Der Kläger ist auch, mangels etwaigen Ausgleichs der Reparaturrechnung, nicht lediglich auf einen Freistellungsanspruch zu verweisen. Der Beklagte hat weitere Schadensersatzleistungen vorgerichtlich endgültig verweigert. Ein Freistellungsanspruch wandelt sich auch dann gem. § 250 BGB, ohne dass zuvor eine Fristsetzung mit Ablehnungsandrohung erforderlich ist, in einen Zahlungsanspruch des Geschädigten um, wenn der Schädiger jeden Schadensersatz ernsthaft und endgültig verweigert und der Geschädigte Geldersatz fordert (vgl. BGH, Urteil vom 13. Januar 2004 – XI ZR 355/02 -, juris). Zudem hat der Beklagte einen Klageabweisungsantrag gestellt. Sobald die Abweisung der entsprechenden Schadensersatzansprüche verfolgt wird, kommt es nicht mehr darauf an, ob die entsprechenden Ansprüche inzwischen durch den Geschädigten ausgeglichen worden sind (vgl. ZfSch 2015, 208-211). Zwar wird grundsätzlich auch insoweit nur der erforderliche Geldbetrag i.S. von § 249 Abs. 2 geschuldet, d.h. von der Umwandlung erfasst. Insoweit ist jedoch auf die obigen Ausführungen zum Werkstattrisiko zu verweisen.

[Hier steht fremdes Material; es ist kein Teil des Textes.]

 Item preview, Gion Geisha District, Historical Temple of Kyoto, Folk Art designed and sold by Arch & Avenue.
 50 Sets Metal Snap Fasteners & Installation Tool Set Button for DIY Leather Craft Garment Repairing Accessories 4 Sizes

Dem Schädiger entsteht hierdurch insgesamt kein Nachteil, da er nach den Grundsätzen der Vorteilsausgleichung die Abtretung etwaiger Schadensersatzansprüche gegen die Werkstatt verlangen kann (BGHZ 63, 182, 187; LG Hamburg Urt. v. 4.6.2013 – 302 O 92/11, BeckRS 2014, 01082, beck-online).

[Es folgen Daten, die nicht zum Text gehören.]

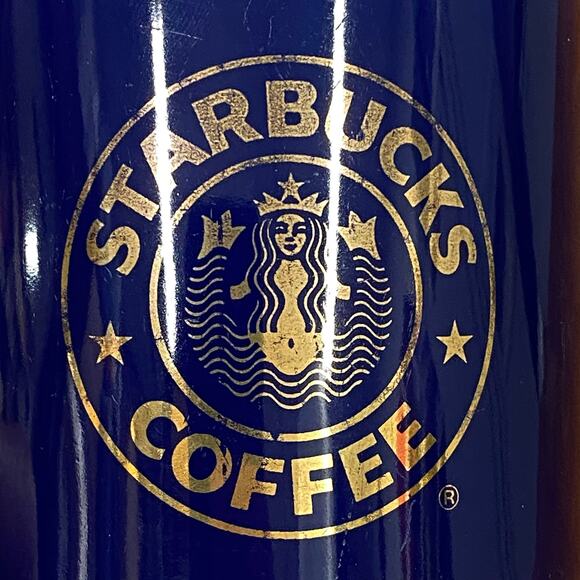 Vintage Cobalt‎ Blue Retired Starbucks Gold Mermaid Logo 10 oz Coffee Mug Japan - Picture 6 of 9
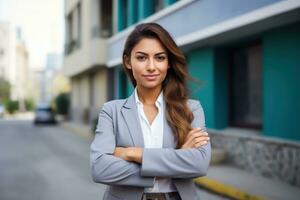 AI generated Confident young business woman smiling with arms crossed near office building showcasing her professional demeanor, hiring image for job postings photo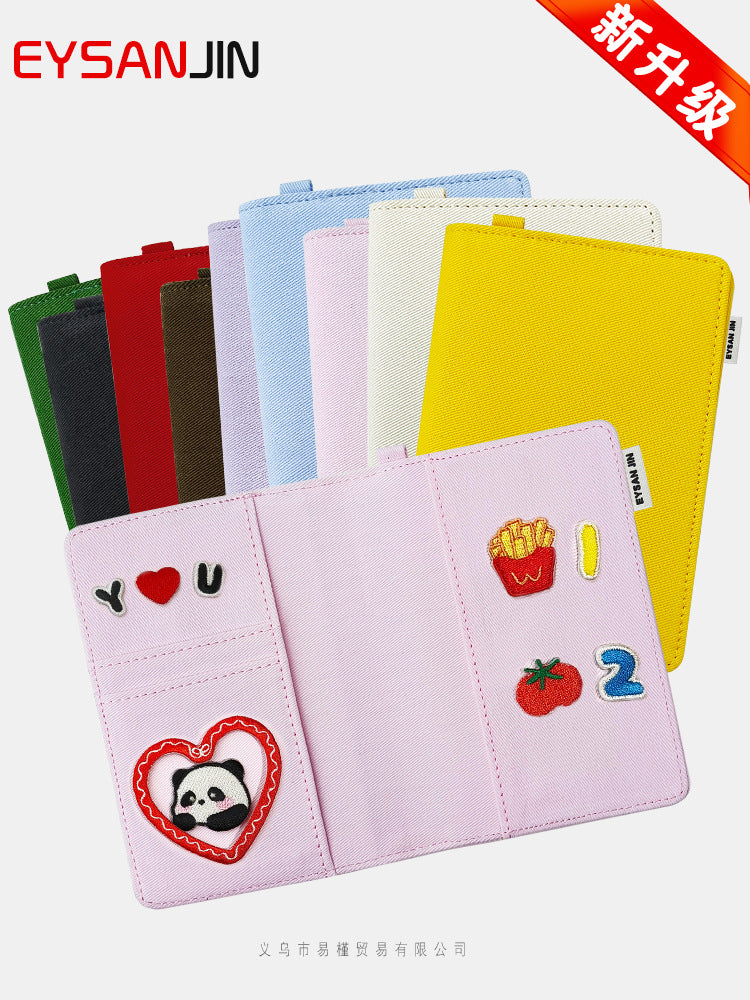 Creative Canvas Passport Holder with Card Slots, Ins-style Travel Document Organizer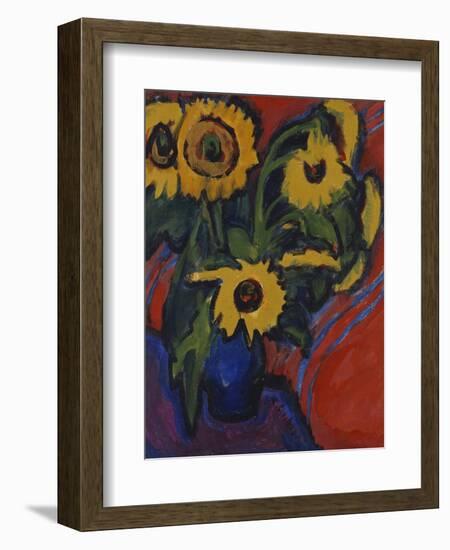 Sunflowers; Sonnenblumen-Ernst Ludwig Kirchner-Framed Giclee Print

Der zugesprochenen Zinsen rechtfertigen sich gem. §§ 288, 286 BGB, nachdem der Beklagte auf die anwaltliche Mahnung aus April 2019 nicht zahlte. Einen vorherigen Verzug hat der Kläger nicht dargetan. Insbesondere ist nicht nachvollziehbar, warum ein solcher bereits seit dem 18.07.2017, d.h. dem Unfalltag selbst, vorliegen sollte. Die Nebenforderung war daher zu kürzen.

Die Kostenentscheidung folgt aus § 92 Abs. 2 ZPO.

Die Entscheidung zur vorläufigen Vollstreckbarkeit folgt aus §§ 708 Nr. 11, 711, 713 ZPO.